Stored data entries
# # # # # # #

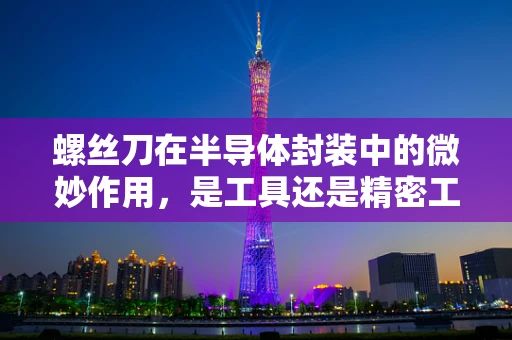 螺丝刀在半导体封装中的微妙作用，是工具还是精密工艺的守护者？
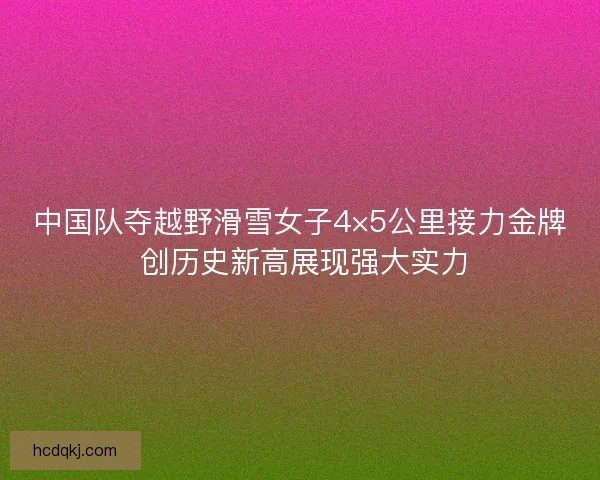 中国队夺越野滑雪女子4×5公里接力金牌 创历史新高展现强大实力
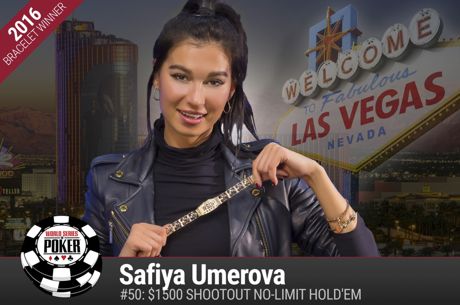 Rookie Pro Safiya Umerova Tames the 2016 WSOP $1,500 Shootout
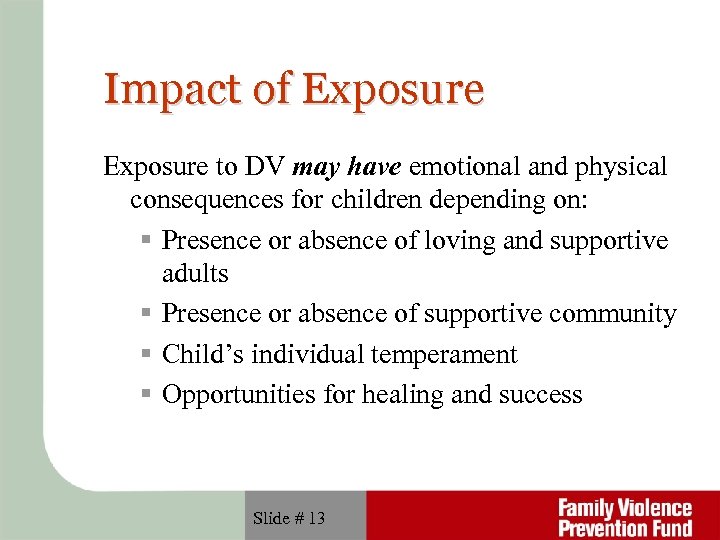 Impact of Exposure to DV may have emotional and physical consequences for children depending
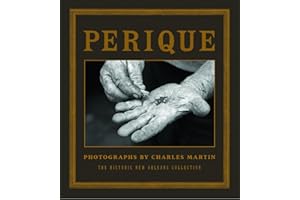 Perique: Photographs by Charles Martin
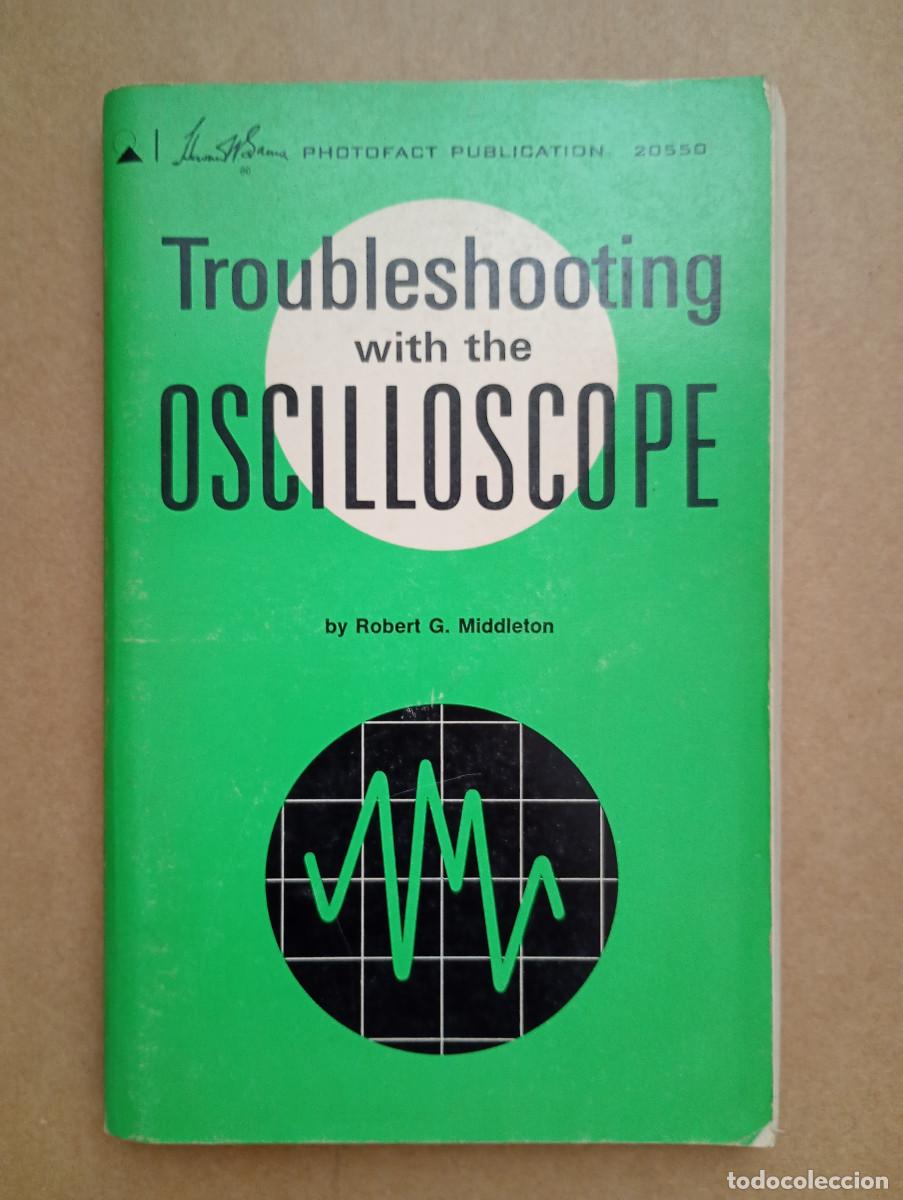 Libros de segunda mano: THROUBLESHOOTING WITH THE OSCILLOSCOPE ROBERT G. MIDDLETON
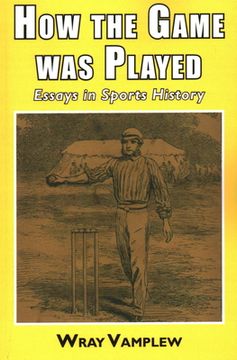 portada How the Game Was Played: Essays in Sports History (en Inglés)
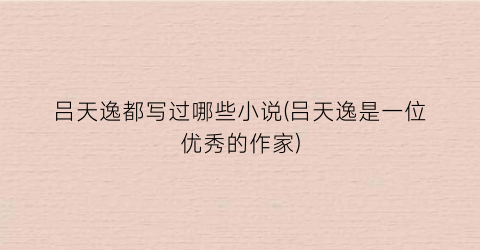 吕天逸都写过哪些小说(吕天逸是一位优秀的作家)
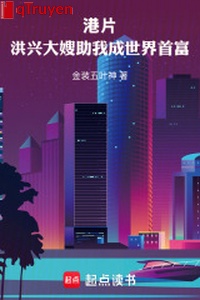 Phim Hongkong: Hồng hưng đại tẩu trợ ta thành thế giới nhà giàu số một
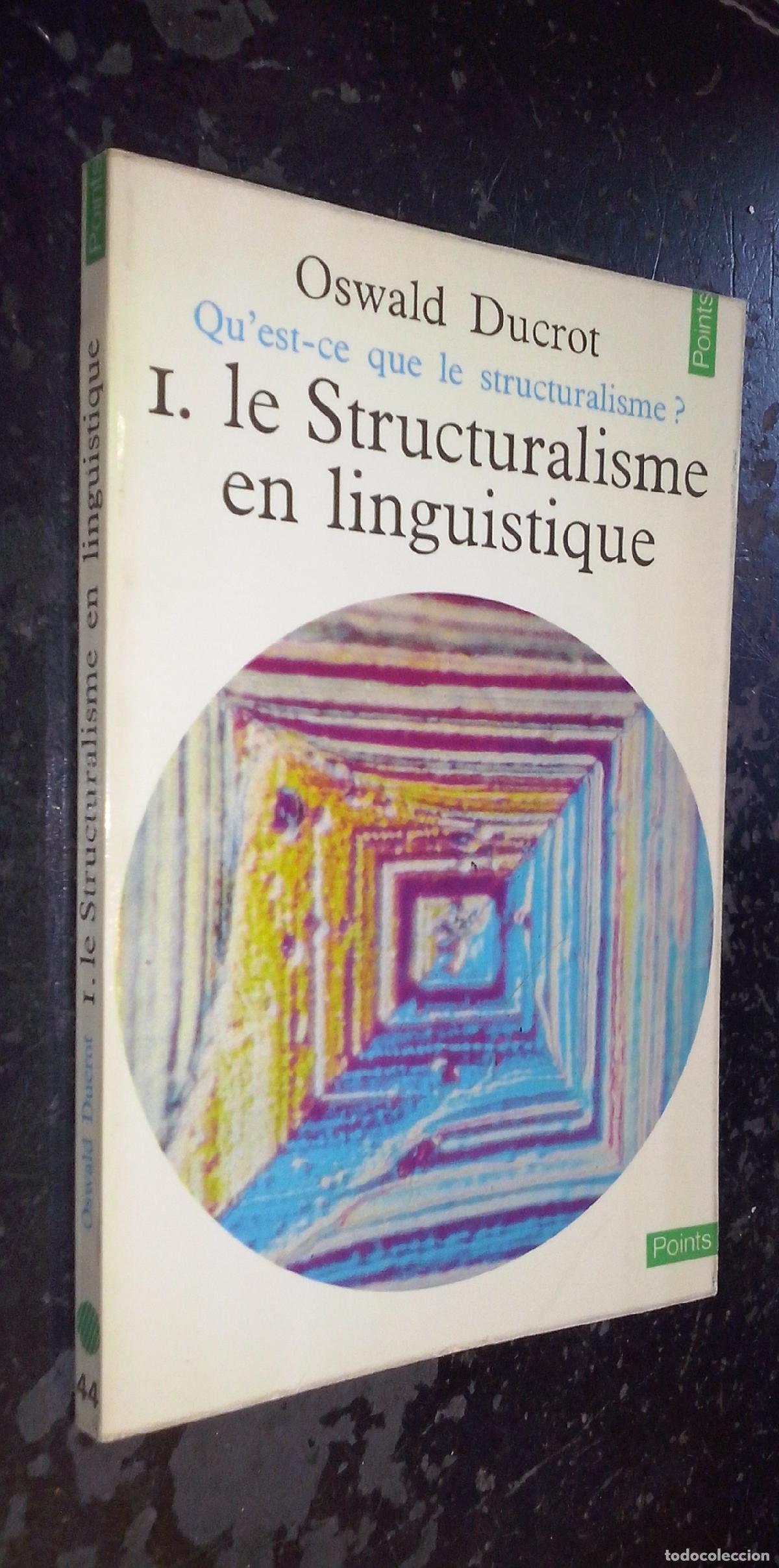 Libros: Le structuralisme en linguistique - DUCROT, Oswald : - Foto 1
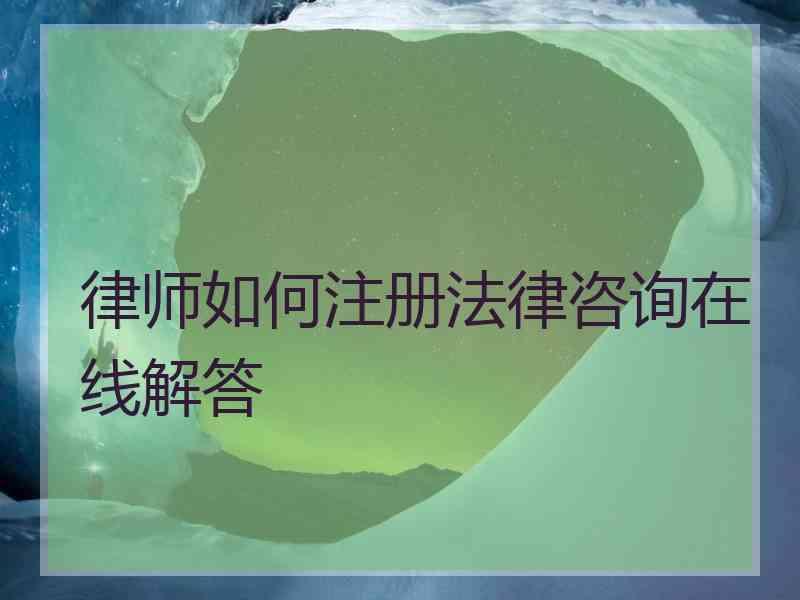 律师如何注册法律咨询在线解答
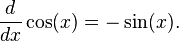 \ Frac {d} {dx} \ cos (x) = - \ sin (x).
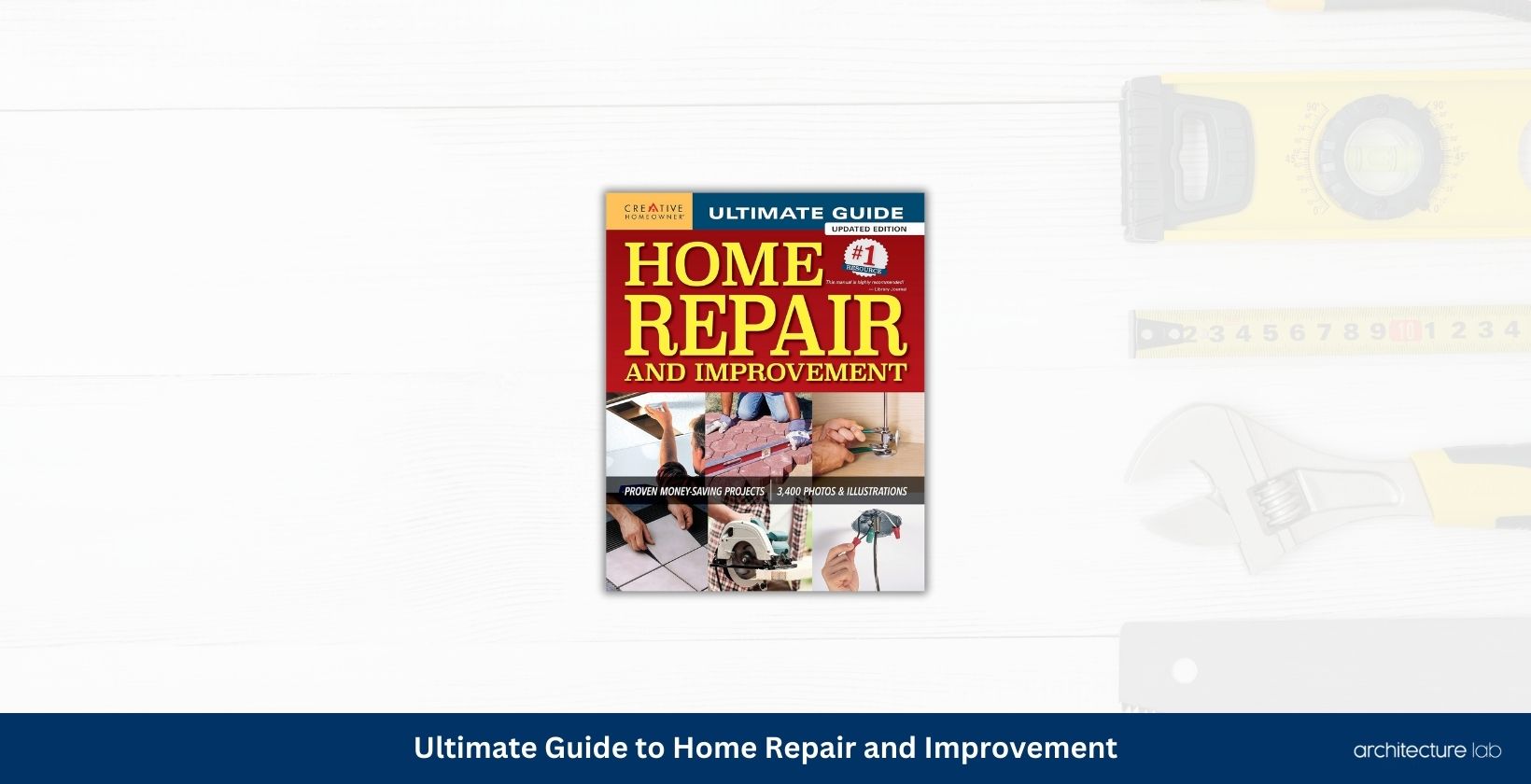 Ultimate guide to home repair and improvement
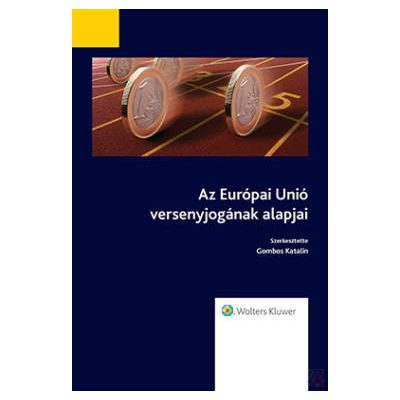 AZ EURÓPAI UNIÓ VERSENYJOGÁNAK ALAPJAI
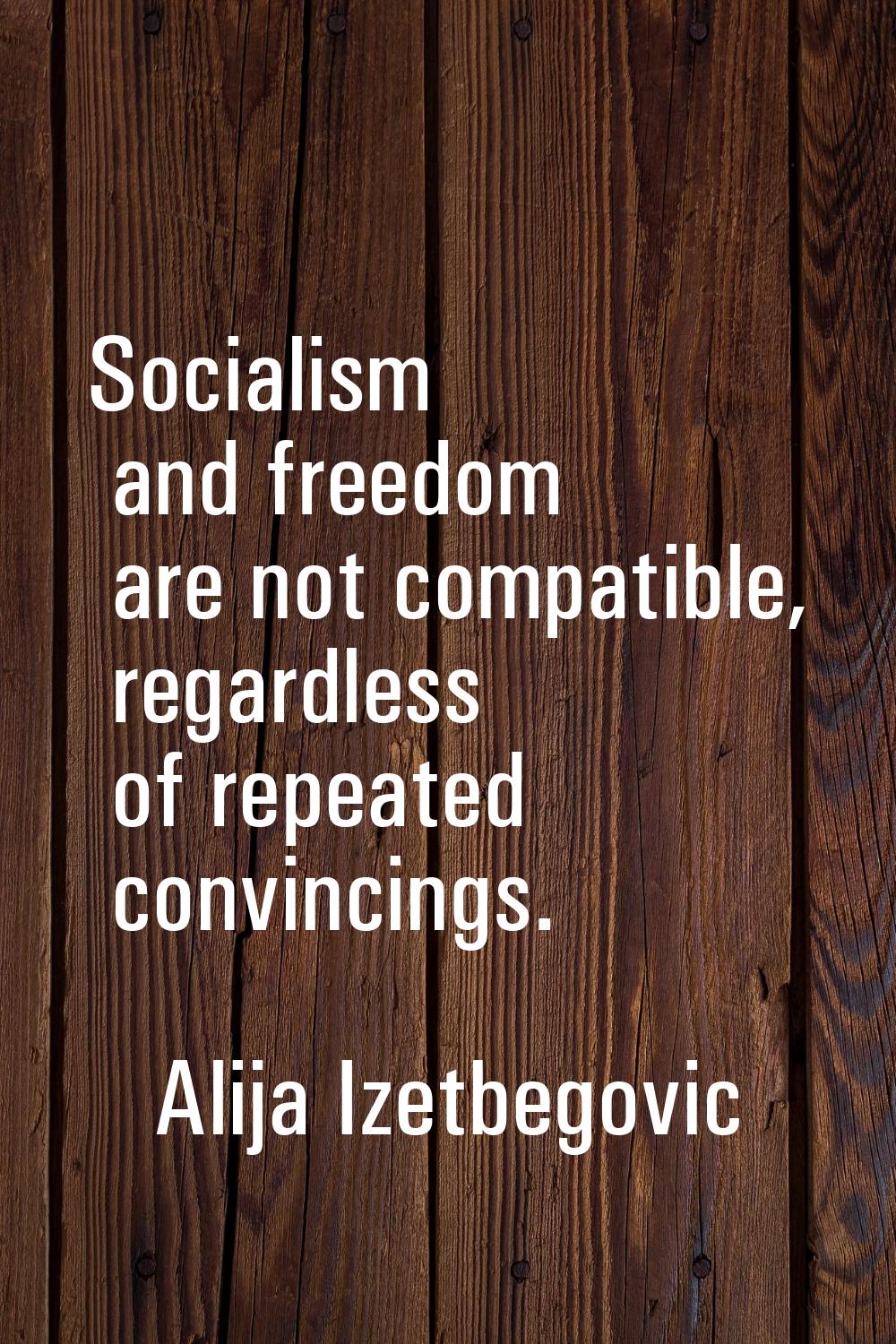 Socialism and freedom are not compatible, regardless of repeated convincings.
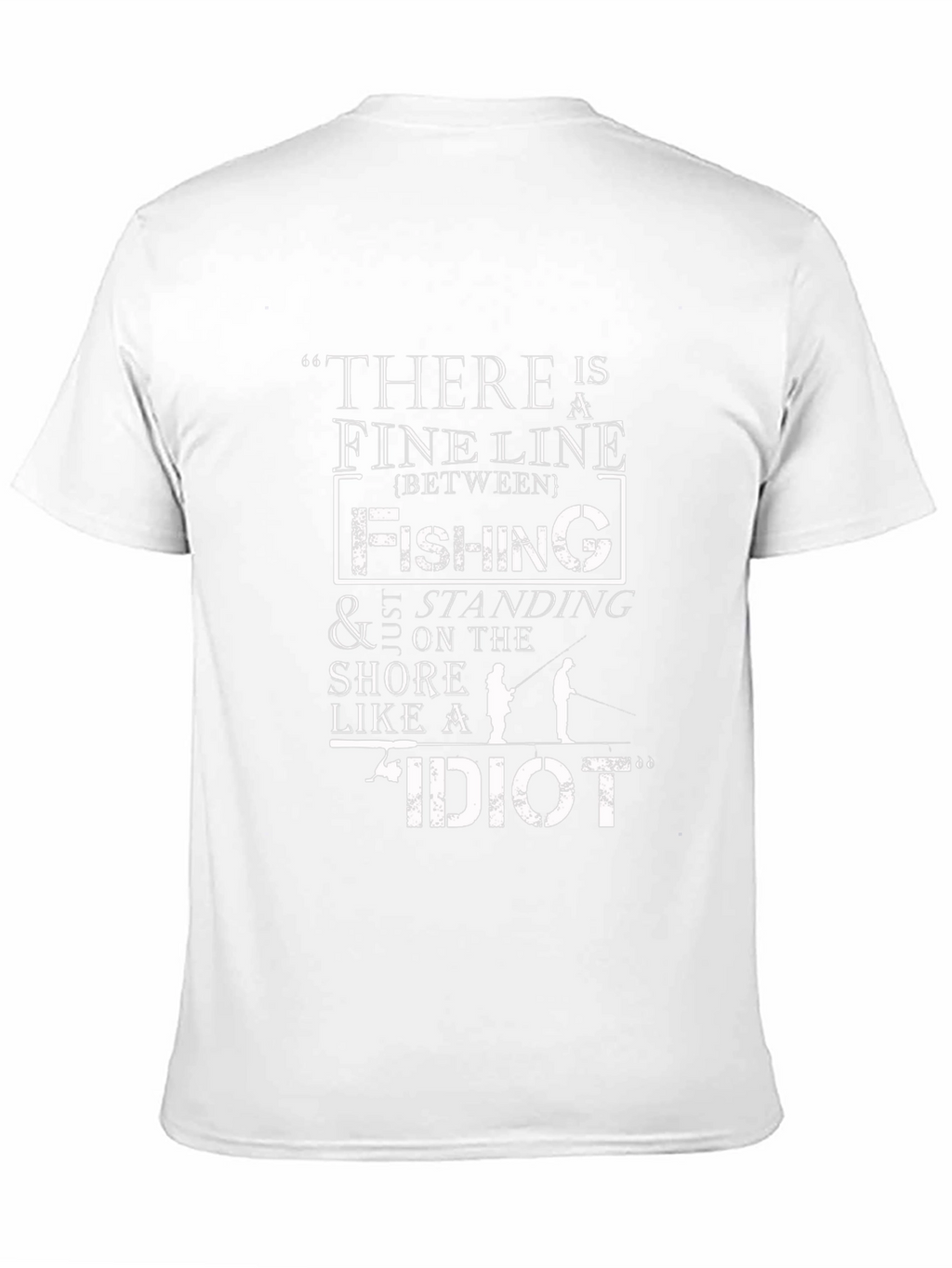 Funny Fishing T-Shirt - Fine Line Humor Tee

# # # # # # #

*Exercise description:*
Copy out all of the entries exactly as they stand, with no pictures in your copy.

*Final answer:*
 螺丝刀在半导体封装中的微妙作用，是工具还是精密工艺的守护者？
 中国队夺越野滑雪女子4×5公里接力金牌 创历史新高展现强大实力
 Rookie Pro Safiya Umerova Tames the 2016 WSOP $1,500 Shootout
 Impact of Exposure to DV may have emotional and physical consequences for children depending
 Perique: Photographs by Charles Martin
 Libros de segunda mano: THROUBLESHOOTING WITH THE OSCILLOSCOPE ROBERT G. MIDDLETON
 portada How the Game Was Played: Essays in Sports History (en Inglés)
 吕天逸都写过哪些小说(吕天逸是一位优秀的作家)
 Phim Hongkong: Hồng hưng đại tẩu trợ ta thành thế giới nhà giàu số một
 Libros: Le structuralisme en linguistique - DUCROT, Oswald : - Foto 1
 律师如何注册法律咨询在线解答
 \ Frac {d} {dx} \ cos (x) = - \ sin (x).
 Ultimate guide to home repair and improvement
 AZ EURÓPAI UNIÓ VERSENYJOGÁNAK ALAPJAI
 Socialism and freedom are not compatible, regardless of repeated convincings.
 Funny Fishing T-Shirt - Fine Line Humor Tee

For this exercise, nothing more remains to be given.